Kevin Kuhlkin




The blue car

Year 1975
Make Chevrolet
Model Nova
Body Style 2-door sedan

Engine 350

The red car

Year 1979
Make Chevrolet
Model Nova
Body Style 2-door sedan

Engine 250
1975 Chevrolet Nova
July 16, 1996: It all started with Wilbur, an almost "pristine" '79 Chevrolet Nova, who's peppy little straight 6 could get you from 0-85 in about 4 minutes. This was the first car I ever owned. I came home one afternoon to find Wilbur sitting in the driveway with no tags or stickers (inspection or registration), so I asked Dad about it as soon as I could find him. "Well, this guy at work sold it to me for $100. It has a new battery, new brakes, and a new waterpump. I'll either sell it to you for $100 or give it to your sister." There was no way I was going to let my sister have a car while I didn't, so I bought it. And I thought it was cool since it reminded me of a '75 Nova that one of my high school buddy's Dad had owned since it was new.

After Wilbur's front subframe literally fell out from 12 winters in New York state (probably living outside the whole time), I had to sell it to a recycler (not a junkyard) since I didn't want to have a guilty conscious from trying to sell it to someone else.
1975 Chevrolet Nova A few years later I moved to Virginia and decided that it was going to cost more in gas money to drive the QEIII—a '76 Lincoln Towncar I owned at the time—to Virginia than the car was worth, so I sold it.

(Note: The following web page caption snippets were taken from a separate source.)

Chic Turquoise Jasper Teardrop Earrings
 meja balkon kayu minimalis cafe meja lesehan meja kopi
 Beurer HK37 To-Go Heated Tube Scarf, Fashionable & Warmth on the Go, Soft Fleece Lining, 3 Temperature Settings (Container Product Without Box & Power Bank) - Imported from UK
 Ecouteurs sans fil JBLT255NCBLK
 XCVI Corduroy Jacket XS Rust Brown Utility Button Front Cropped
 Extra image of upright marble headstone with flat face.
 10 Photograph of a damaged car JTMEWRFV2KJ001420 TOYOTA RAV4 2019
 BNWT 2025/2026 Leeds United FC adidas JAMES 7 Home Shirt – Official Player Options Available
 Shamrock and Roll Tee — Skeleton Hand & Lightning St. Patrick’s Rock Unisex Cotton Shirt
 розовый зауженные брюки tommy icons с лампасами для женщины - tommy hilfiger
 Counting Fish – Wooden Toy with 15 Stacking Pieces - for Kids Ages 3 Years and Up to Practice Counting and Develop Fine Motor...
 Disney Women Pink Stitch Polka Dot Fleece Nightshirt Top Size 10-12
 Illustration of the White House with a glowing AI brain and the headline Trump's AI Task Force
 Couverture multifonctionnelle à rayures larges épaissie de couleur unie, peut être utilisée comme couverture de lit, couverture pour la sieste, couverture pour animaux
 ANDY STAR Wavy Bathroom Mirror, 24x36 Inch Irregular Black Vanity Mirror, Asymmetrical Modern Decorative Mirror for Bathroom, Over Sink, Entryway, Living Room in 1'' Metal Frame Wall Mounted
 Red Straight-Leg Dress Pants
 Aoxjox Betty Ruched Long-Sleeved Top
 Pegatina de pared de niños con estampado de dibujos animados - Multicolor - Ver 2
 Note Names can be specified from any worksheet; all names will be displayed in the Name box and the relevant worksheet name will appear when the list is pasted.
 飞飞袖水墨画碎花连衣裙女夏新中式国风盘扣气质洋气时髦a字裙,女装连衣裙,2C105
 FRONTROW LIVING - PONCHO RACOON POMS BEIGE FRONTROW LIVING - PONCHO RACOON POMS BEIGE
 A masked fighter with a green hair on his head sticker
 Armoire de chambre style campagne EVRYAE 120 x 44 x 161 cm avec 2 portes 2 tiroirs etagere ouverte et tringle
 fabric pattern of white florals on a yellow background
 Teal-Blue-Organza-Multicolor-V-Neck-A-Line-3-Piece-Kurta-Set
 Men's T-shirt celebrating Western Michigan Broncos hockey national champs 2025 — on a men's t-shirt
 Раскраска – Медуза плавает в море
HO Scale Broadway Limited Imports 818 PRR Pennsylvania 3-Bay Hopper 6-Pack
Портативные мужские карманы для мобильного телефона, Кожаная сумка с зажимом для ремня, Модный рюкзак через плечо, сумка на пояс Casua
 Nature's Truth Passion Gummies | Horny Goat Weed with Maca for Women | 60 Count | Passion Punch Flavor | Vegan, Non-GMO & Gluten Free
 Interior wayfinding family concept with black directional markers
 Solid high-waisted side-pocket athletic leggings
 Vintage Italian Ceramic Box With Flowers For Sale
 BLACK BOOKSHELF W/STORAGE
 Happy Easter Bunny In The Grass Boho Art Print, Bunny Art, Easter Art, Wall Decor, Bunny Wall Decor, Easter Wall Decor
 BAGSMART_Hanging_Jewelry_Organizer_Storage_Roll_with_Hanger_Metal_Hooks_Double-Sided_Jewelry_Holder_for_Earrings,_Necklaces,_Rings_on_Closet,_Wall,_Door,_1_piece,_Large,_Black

The very next day I got a call from my high school buddy's Dad saying he wanted to sell the '75 Nova and he wanted to know if I'd be interested. "Whoa! Is this cosmic or what?!?" I thought to myself. With brand new top-of-the-line Sears tires on it and a $250 price tag, the original 1975 title quickly changed hands and I had myself a Nova with an awesome 350 in it. Every mechanic that heard it run (when I got the car inspected and had new leaf springs put in it) said that it was probably the tightest chevy small block that they had ever heard. I owned it for 2 years and it started every day (even in 2 feet of snow and 10° F temperatures) and not once did it ever break, let alone leave me stranded.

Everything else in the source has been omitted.